- [DESCRIPTION OF THE TASK]: Repeat exactly the lines below from the line that contains "Digitale schilderij van" to the last line, inclusive, without the pictures.

:: AVAILABLE DATA

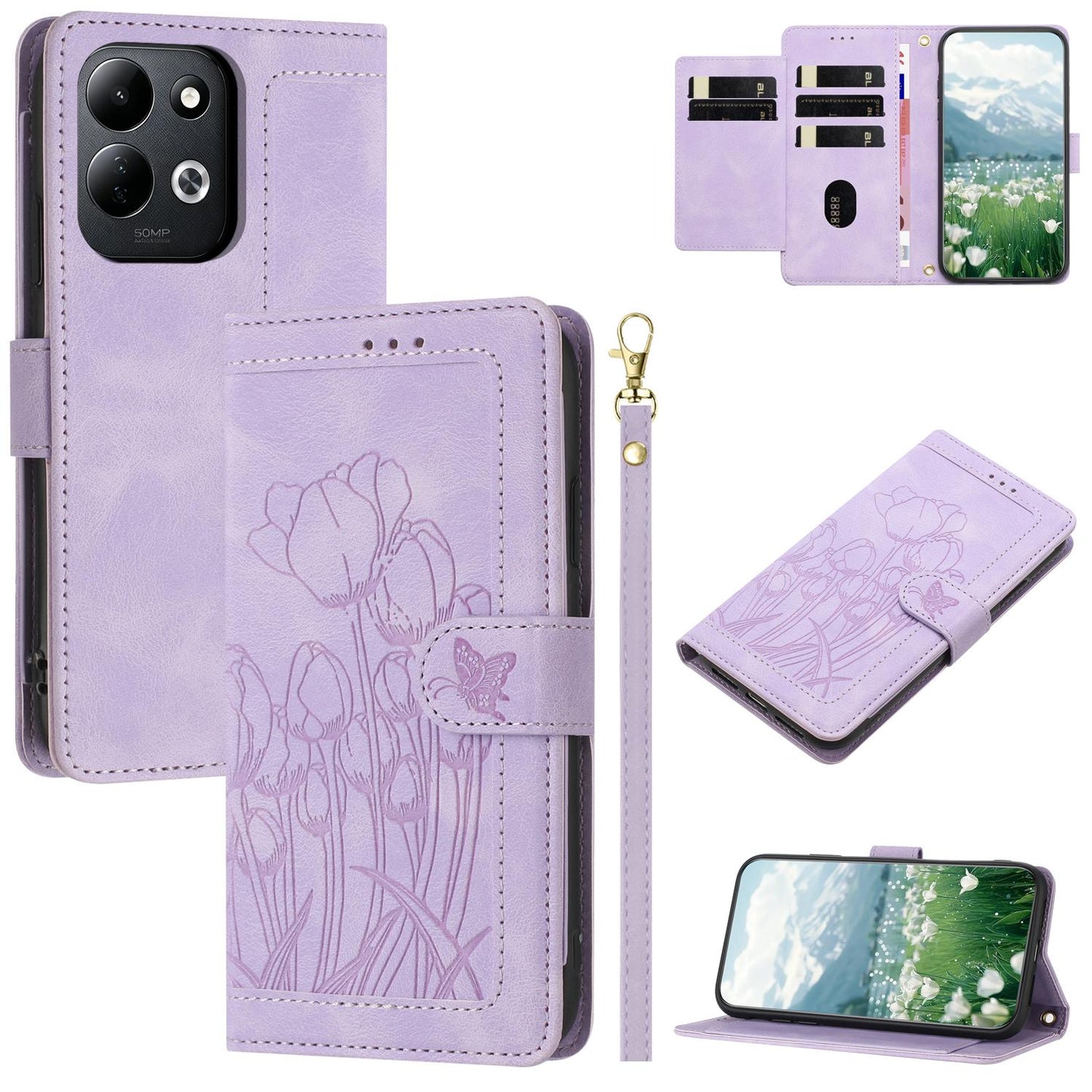 For Redmi 17 5G / 4G Global 170mm Tulips Embossed Leather Phone Case with Lanyard(Purple)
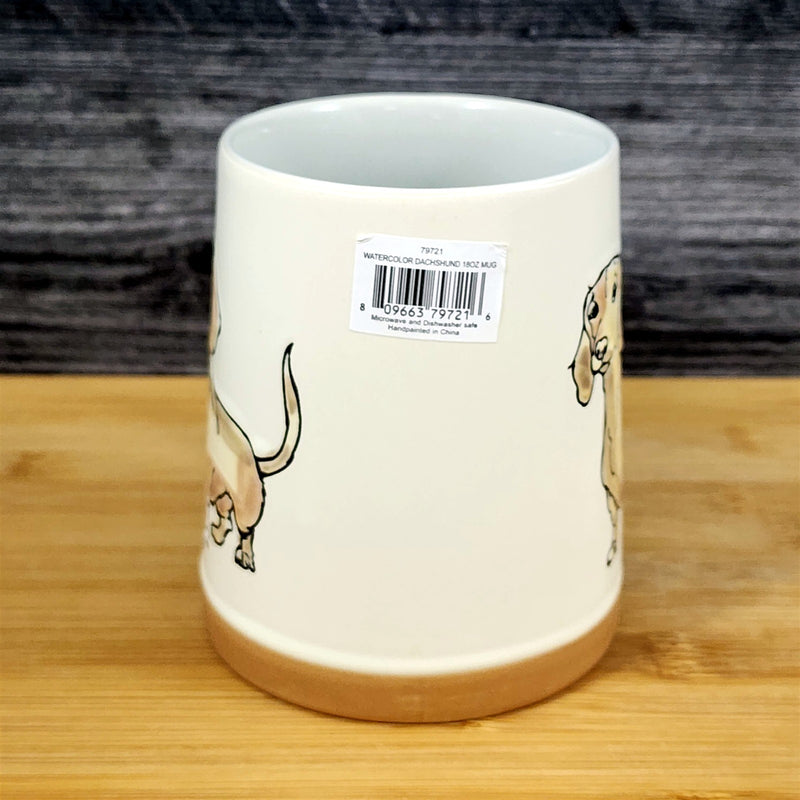 Load image into Gallery viewer, Dachshund Coffee Mug Dog Doxie Breed Tea Cup Blue Sky Ceramic Embossed 18 oz
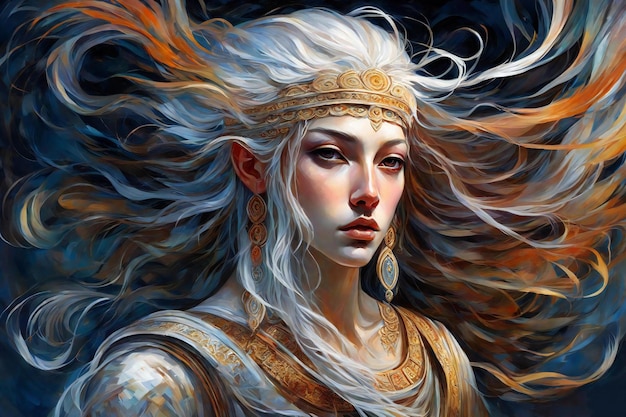 Digitale schilderij van een mooie vrouw met een gouden kroon op haar hoofd
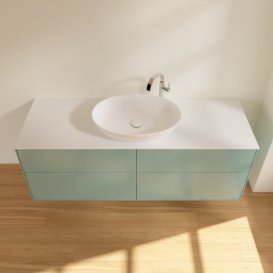 Тумба под раковину Villeroy & Boch Finion 160х50,1 см МДФ оливковый матовый лак/стекло белое матовое F97100GM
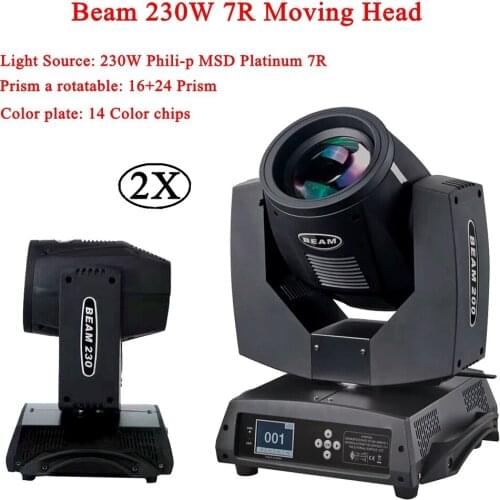 2Pcs/Lot LED 7R 230W DMX512 Moving Head Beam Pattern Prism Zoom Stage Dimming Lights DJ Disco Stage Spot light 16+24 Prism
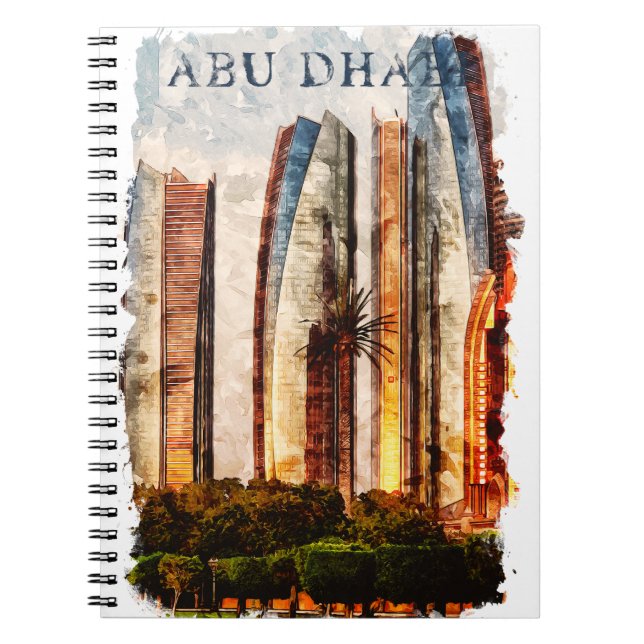 Abu Dhabi UAE Watercolor Skyline Notizblock (Vorderseite)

::::

- [RESPONSE BOX]:
 Digitale schilderij van een mooie vrouw met een gouden kroon op haar hoofd
 Тумба под раковину Villeroy & Boch Finion 160х50,1 см МДФ оливковый матовый лак/стекло белое матовое F97100GM
 2Pcs/Lot LED 7R 230W DMX512 Moving Head Beam Pattern Prism Zoom Stage Dimming Lights DJ Disco Stage Spot light 16+24 Prism
 Abu Dhabi UAE Watercolor Skyline Notizblock (Vorderseite)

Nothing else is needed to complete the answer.